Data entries
_ _ _ _

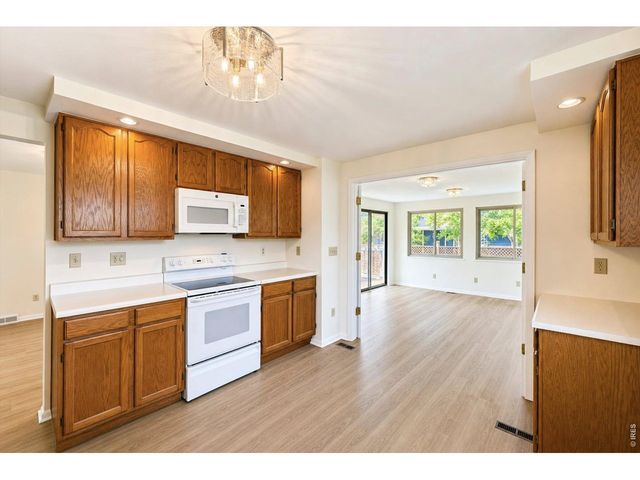 1345 Miramonte Ct, Broomfield, CO 80020
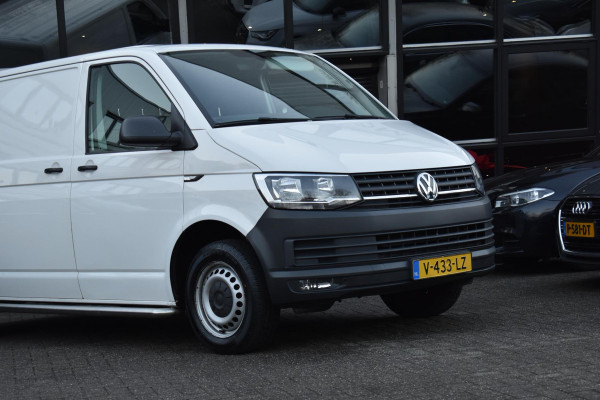 Volkswagen Transporter 2.0 TDI L2H1 Highline Carplay Trekhaak Cruise Navi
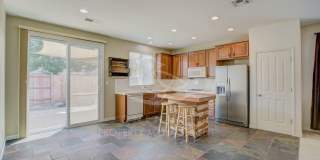 Plumas Lake Rental, Huge Living Room Plumas Lake Rental, Huge Living Room Gallery 10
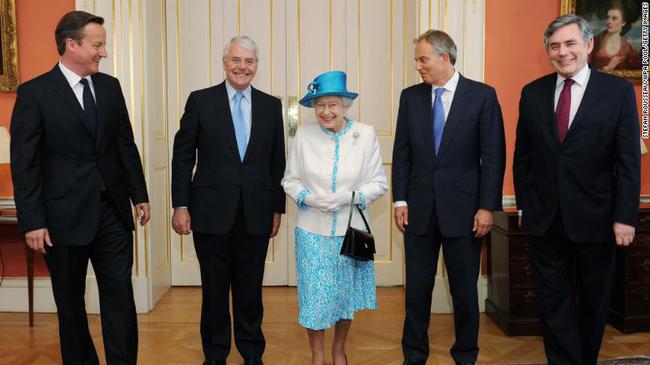 Lần đầu tiên trong hơn 70 năm, Nữ hoàng không tiếp kiến tân Thủ tướng Anh ở London, lý do vì sao?-2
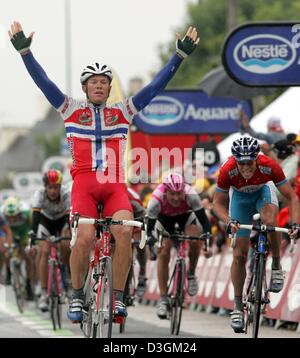 (Afp) - coureur norvégien Thor Hushovd (2e à partir de L) de l'équipe Crédit Agricole étend les bras et des acclamations qu'il remporte la 8e étape du Tour de France à Quimper, France, le 11 juillet 2004. Hushovd a remporté l'avant de l'équipe T-Mobile de Kim Kirchen (R) du Luxembourg, cycliste Allemand Erik Zabel (2e à partir de R) et Andreas Kloeden (L) qui a pris la cinquième place. La scène couvre une distance de 168 km de Banque D'Images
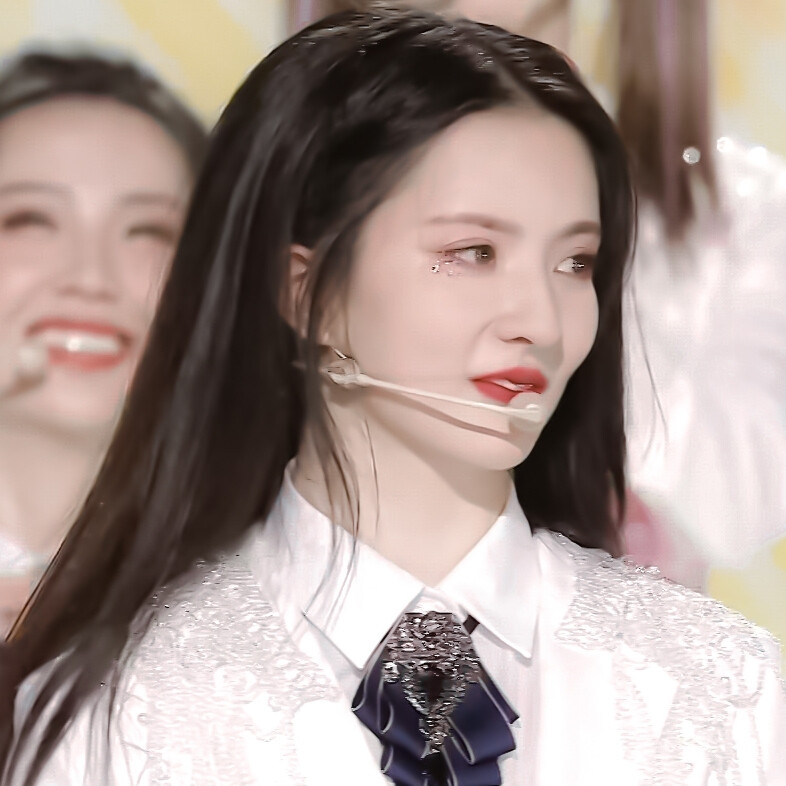 门面主舞刘些宁出道快乐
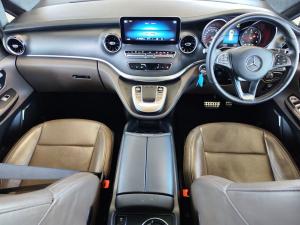 Mercedes-Benz V-Class V300d Exclusive - Image 17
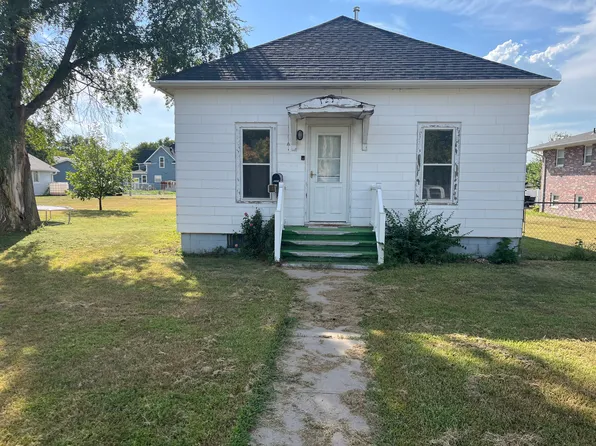 1217 Garfield St, Holdrege, NE 68949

_ _ _ _

*Description of the task*: Keep out the pictures, and copy exactly the lines from the one that contains "Plumas Lake Rental, Huge Living Room Plumas" through the final line of the records above, both ends included.

*Task response*:
 Plumas Lake Rental, Huge Living Room Plumas Lake Rental, Huge Living Room Gallery 10
 Lần đầu tiên trong hơn 70 năm, Nữ hoàng không tiếp kiến tân Thủ tướng Anh ở London, lý do vì sao?-2
 (Afp) - coureur norvégien Thor Hushovd (2e à partir de L) de l'équipe Crédit Agricole étend les bras et des acclamations qu'il remporte la 8e étape du Tour de France à Quimper, France, le 11 juillet 2004. Hushovd a remporté l'avant de l'équipe T-Mobile de Kim Kirchen (R) du Luxembourg, cycliste Allemand Erik Zabel (2e à partir de R) et Andreas Kloeden (L) qui a pris la cinquième place. La scène couvre une distance de 168 km de Banque D'Images
 门面主舞刘些宁出道快乐
 Mercedes-Benz V-Class V300d Exclusive - Image 17
 1217 Garfield St, Holdrege, NE 68949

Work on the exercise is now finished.